Entsprechend wäre es auch „einseitig, das Pontifikat Benedikts XVI. als Übergangspontifikat zu bezeichnen“, führte Tück weiter aus: Die Probleme, die im Pontifikat Benedikts aufgebrochen sind, hätten sich vielfach bereits in der Zeit Johannes Pauls II. angebahnt – Stichwort Missbrauchskrise. „Gewiss gab es auch Pannen, etwa im Blick auf die Aussöhnung mit der Piusbruderschaft.“ Übersehen werde aber oft, dass die theologischen Ausführungen etwa in den beiden Enzykliken „Deus Caritas Est“ (2005) und „Spe Salvi“ (2007) von einer hohen Lernbereitschaft Ratzingers bis hinein ins hohe Alter zeugen und „sowohl stilistisch als auch theologisch einzigartig“ sind.

In „Spe Salvi“, der Enzyklika über die Hoffnung, gebe es etwa bis dato bei Ratzinger nicht gekannte theologische Zugeständnisse etwa an Elemente der Befreiungstheologie und gar an Karl Marx, wo Benedikt festhält, dass sich Hoffnung in der Praxis bewähren und zur Humanisierung der Verhältnisse beitragen müsse. „Ich bin mir sicher, dass diese Texte auch in 30 Jahren noch gelesen werden, da sie in der päpstlichen Verkündigung ein Novum darstellen und sich klar vom eher selbstreferenziellen Stil der Enzykliken Johannes Pauls II. unterscheiden.“

„Beeindruckende theologische Sprachführung“

Aber auch über die Enzykliken hinaus zeichne sich das Werk Ratzingers durch eine „beeindruckende theologische Sprachführung“ aus, die „etwas Gewinnendes“ habe: „Sein Versuch, Schrift und Tradition zu berücksichtigen und zugleich die komplexen Fragen der Gegenwart kritisch aufzunehmen, ist vorbildlich“, so Tück, da Ratzinger bei all dem „nie unverbindlich“ bleibe, sondern „stets um Klarheit ringt - und diese auch findet“.
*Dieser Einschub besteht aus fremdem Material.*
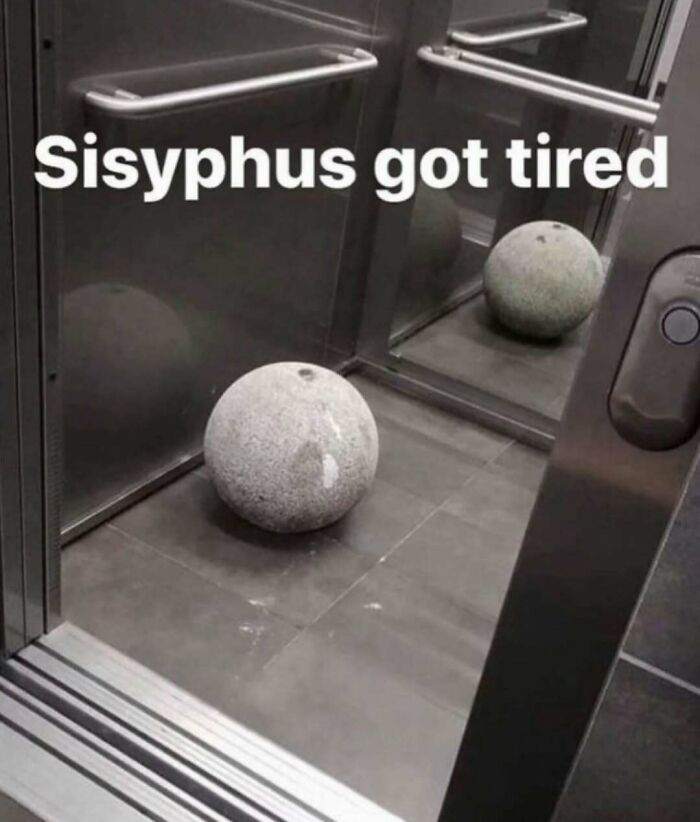Stone ball in elevator corner with text referencing Sisyphus, a meme for those who paid attention in history class.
Auch im Blick auf den Vergleich zwischen den pontifikalen Ausrichtungen und Stilen von Benedikt und Franziskus warnt Tück vor einer voreiligen plakativen „Semantik des Bruchs“ und einer kirchlichen Lagerbildung: So verweist der Theologe etwa auf ein Interview Benedikts, in dem er das Franziskus-Leitwort der Barmherzigkeit ausdrücklich gutheißt und als prophetisch für die Kirche in der Gegenwart charakterisiert. „Benedikt und Franziskus teilen die gleiche theologischen Grundoption - es wäre daher eine theologiepolitische Instrumentalisierung, wenn man Benedikt gegen Franziskus in Anschlag bringt“, so Tück.

„Bedachtsamkeit im Umgang mit Worten“

Franziskus sei hoch anzurechnen, dass er es geschafft habe, die kirchlichen „Dauerbrennpunkt-Themen aus der Öffentlichkeit gebracht“ zu haben. Dies habe kirchlicherseits zu einer regelrechten „Befreiung“ geführt - dennoch räumt auch der Dogmatiker ein, dass die mediale Dauerpräsenz von Franziskus „Überhangprobleme“ mit sich bringe: „Franziskus verfügt über einen erfrischenden Stil im Zugehen auf Menschen, die Permanenz etwa seiner Interviews hingegen führt auch zu einer Aufmerksamkeitseinbuße pontifikalen Sprechens“. Vielleicht ist es ja eine Fügung des Schicksals, dass die bleibende Präsenz Benedikts im Vatikan zugleich eine Mahnung zu größerer „Bedachtsamkeit im Umgang mit Worten“ darstellt - gewissermaßen als „heilsamer Kontrapunkt“, so Tück.